Manusia tidak seperti benda, ia berada di tengah dunia dengan cara yang khas. Yaitu bahwa manusia sadar akan benda yang ada disekitarnya. Kesadaran akan kehadiran yang lain ini akan melahirkan pengetahuan. Dalam proses mengetahui itu, manusia mencoba menggunakan apa yang dimilikinya : indera dan akal budi.
Aristoteles mau yang konkret, karena itu ia percaya pada indera. Ia tentu juga percaya pada akal budi, karena itu ia percaya sebab Tuhan. Padahal keduanya tidak bisa diindera.
Pengetahuan indera menurut Aristoteles memberikan kita pengetahuan tentang bentuk benda tanpa materinya. Maksudnya yang kita dapatkan dari inderawi hanyalah apa yang tampak oleh mata, terdengar oleh telinga, teraba oleh kulit, dan terbau oleh hidung. Materinya sendiri tidak pernah bisa kita masukkan ke dalam diri kita. Melalui bentuk itulah kemudian akal indera mendapatkan bahan bagi kegiatan berfikirnya. Pengalaman indera hanya terbatas pada situasi konkret.

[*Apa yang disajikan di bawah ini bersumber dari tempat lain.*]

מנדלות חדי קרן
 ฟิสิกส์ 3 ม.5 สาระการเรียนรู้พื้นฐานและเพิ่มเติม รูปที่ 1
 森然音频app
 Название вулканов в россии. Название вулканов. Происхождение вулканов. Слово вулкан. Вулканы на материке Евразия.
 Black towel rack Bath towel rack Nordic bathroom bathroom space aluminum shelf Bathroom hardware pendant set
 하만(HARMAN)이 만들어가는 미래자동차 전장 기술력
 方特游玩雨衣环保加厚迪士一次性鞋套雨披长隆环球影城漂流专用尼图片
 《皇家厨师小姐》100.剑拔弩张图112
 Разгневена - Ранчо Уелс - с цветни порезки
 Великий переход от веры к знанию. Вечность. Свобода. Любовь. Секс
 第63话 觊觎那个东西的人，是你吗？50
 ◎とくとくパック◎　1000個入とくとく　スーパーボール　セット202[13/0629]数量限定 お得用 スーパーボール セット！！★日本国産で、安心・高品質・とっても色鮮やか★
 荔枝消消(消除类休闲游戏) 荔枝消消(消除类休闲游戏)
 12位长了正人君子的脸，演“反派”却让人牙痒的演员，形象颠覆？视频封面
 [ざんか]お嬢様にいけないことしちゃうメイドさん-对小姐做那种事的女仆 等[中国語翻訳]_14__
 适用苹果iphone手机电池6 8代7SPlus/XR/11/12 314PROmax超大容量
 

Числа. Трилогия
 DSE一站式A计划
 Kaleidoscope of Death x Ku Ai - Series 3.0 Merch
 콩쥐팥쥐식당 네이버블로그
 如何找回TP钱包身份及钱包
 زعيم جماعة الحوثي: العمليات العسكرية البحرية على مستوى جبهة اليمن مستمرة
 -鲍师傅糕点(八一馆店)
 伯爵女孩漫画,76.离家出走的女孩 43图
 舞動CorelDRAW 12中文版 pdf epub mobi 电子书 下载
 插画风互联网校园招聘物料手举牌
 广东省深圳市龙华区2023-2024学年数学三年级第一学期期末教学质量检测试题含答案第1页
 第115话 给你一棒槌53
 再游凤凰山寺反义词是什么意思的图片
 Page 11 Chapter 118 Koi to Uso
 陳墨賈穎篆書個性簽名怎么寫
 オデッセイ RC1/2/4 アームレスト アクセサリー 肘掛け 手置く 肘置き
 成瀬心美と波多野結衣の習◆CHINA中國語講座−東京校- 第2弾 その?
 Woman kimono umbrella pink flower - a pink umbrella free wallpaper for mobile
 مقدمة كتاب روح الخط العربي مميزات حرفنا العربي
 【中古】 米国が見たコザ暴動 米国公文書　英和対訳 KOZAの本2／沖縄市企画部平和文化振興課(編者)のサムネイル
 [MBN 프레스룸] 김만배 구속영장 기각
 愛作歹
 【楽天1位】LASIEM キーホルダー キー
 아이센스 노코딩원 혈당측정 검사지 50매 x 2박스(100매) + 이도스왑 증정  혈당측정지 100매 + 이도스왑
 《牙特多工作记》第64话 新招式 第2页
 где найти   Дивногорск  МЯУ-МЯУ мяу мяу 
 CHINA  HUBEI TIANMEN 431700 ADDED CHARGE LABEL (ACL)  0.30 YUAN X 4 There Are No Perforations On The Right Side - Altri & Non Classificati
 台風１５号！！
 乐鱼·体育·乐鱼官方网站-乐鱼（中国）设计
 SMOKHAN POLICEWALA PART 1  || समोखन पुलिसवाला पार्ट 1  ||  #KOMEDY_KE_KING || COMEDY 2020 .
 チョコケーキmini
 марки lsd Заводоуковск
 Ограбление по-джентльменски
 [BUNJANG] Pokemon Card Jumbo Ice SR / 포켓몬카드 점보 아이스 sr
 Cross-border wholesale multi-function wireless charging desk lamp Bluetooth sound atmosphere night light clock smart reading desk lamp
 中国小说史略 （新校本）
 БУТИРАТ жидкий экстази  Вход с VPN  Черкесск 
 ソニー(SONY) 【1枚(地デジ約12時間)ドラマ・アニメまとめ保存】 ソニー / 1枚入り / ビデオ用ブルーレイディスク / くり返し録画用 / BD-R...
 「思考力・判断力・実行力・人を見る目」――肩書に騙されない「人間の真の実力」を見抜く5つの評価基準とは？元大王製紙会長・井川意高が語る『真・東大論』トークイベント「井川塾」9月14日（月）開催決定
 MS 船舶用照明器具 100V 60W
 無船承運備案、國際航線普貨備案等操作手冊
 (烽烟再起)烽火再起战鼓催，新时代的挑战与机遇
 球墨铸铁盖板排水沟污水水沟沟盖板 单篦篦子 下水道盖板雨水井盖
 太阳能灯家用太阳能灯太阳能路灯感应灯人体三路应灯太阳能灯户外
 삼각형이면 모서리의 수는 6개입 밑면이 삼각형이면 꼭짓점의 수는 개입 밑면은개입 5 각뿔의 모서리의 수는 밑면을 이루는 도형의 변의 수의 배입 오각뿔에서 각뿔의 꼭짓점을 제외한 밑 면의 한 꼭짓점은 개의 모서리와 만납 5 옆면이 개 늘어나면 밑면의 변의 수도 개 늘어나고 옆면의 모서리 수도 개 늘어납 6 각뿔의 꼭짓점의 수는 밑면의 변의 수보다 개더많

Paham positivisme yang dibawa oleh Auguste Comte ialah satu-satunya wujud yang real adalah yang positif, yakni yang bisa diobservasi melalui indera saja. Segala wujud yang berada dibalik hal tersebut atau yang berada di luar jangkauan observasi indera, hanyalah hasil spekulasi pikiran manusia yang tidak memiliki realitas ontologis di luar kesadaran manusia.
Pandangan Aristoteles bertentangan dengan paham positivisme, karena Aristoteles percaya pada akal budi dan indera, jadi dia mempercayai dengan adanya hal yang metafisik. Aristoteles juga percaya adanya Tuhan buktinya Tuhan sebagai penyebab gerak. Pandangan Aristoteles ini sebagai dasar pemikiran filsafat islam.
Bagi filosof islam, seperti Al-Kindi, menurutnya hal yang metafisik ini meliputi hakikat Tuhan, wujud Tuhan, dan sifat-sifat Tuhan. Bukti adanya Tuhan, menurut Al-Kindi (1) barunya alam, (2) keaneragaman dalam wujud, (3) kerapian alam. Pendapat auguste Comte sudah ditentang oleh filosof islam, dengan menampilkan pandangannya. Dan para filosof islam mempercayai dengan adanya hal yang tidak tampak itu. Mereka juga memberikan pengertian yang mudah dipahami mengenai hal yang tidak tampak, sehingga pandangan positivisme sudah berkurang. Terutama dengan munculnya agama, karena setiap agama pasti mempercayai hal yang tidak tampak. Positivisme pada saat ini sudah tidak cocok lagi, karena saat ini semua masyarakat sudah memiliki agama, sehingga mereka mempercayai dengan hal yang tidak dapat ditangkap oleh panca indera. Sekalipun orang yang tidak beragama, sebenarnya mereka juga mempercayai adanya hal yang tidak tampak itu, karena mereka sudah terbelenggu oleh pemikiran dirinya sendiri.

Sumber: 
Abdul Hakim, Atang, Ahmad Saebani, Beni, Filasafat Umum, Pustaka Setia, Bandung, 2008.
Q-Anees, Bambang, Juli A Hambali Raden, Filsafat Untuk Umum, Prenada Media, Jakarta 2003.